The Hindu's reporting notes no data has been released on how many certificates have actually been granted, leaving the promise functionally unverifiable before polling day.
Meanwhile, Home Minister Amit Shah's parallel message — "not a single intruder" would enter Bengal under a BJP government — targets anxieties about illegal Bangladeshi immigration, a grievance that cuts across caste lines in border districts.
Why Mamata Isn't Conceding the Frame
TMC has largely refused to fight on BJP's chosen terrain. Rather than defending its law-and-order record directly, the party's counter-argument, led by Abhishek Banerjee, is structural: any vote not cast for TMC benefits BJP, a squeeze play designed to consolidate Muslim voters and Left-leaning Bengalis. Mamata and Modi are also trading blows over the Uniform Civil Code, not just CAA — suggesting the BJP is running a layered identity campaign rather than a single-issue one.
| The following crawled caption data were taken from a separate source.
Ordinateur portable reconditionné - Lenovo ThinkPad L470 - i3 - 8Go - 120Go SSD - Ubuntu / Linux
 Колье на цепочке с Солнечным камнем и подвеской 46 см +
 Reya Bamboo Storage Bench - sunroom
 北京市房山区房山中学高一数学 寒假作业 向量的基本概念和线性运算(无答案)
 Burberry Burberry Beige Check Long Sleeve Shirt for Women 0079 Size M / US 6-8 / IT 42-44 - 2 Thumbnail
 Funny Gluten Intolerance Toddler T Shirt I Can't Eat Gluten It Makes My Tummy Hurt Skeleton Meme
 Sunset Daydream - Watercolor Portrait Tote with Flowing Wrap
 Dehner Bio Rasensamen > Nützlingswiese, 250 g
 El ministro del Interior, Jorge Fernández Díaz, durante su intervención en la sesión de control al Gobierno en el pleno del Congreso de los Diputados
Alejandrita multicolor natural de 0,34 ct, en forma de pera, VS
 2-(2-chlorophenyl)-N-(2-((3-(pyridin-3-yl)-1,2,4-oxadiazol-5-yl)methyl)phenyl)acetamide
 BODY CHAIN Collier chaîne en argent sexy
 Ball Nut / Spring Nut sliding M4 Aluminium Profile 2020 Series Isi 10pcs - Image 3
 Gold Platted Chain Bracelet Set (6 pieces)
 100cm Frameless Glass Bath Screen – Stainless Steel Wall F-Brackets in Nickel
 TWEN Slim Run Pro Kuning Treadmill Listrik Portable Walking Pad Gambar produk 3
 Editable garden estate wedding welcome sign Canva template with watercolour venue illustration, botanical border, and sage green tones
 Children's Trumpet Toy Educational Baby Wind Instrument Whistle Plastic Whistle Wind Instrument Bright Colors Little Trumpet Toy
See our
India coverage for the broader UCC debate.
Phase 1 saw sporadic violence, including attacks on BJP candidates Agnimitra Paul and Subhendu Sarkar, and clashes involving TMC workers in Murshidabad. The Election Commission has already sought reports on alleged voter suppression in Domkal.
What to Watch
Phase 2 votes on April 29, covering constituencies around Kolkata — a far more urban, less Matua-concentrated electorate where the CAA pitch has less purchase. Results land May 4. The swing variable isn't whether CAA converts true believers; it's whether the promise of citizenship papers moves undecided Matua households who lost their names from the rolls — and whether BJP can keep law-and-order violence from becoming a counter-narrative that boosts TMC's turnout.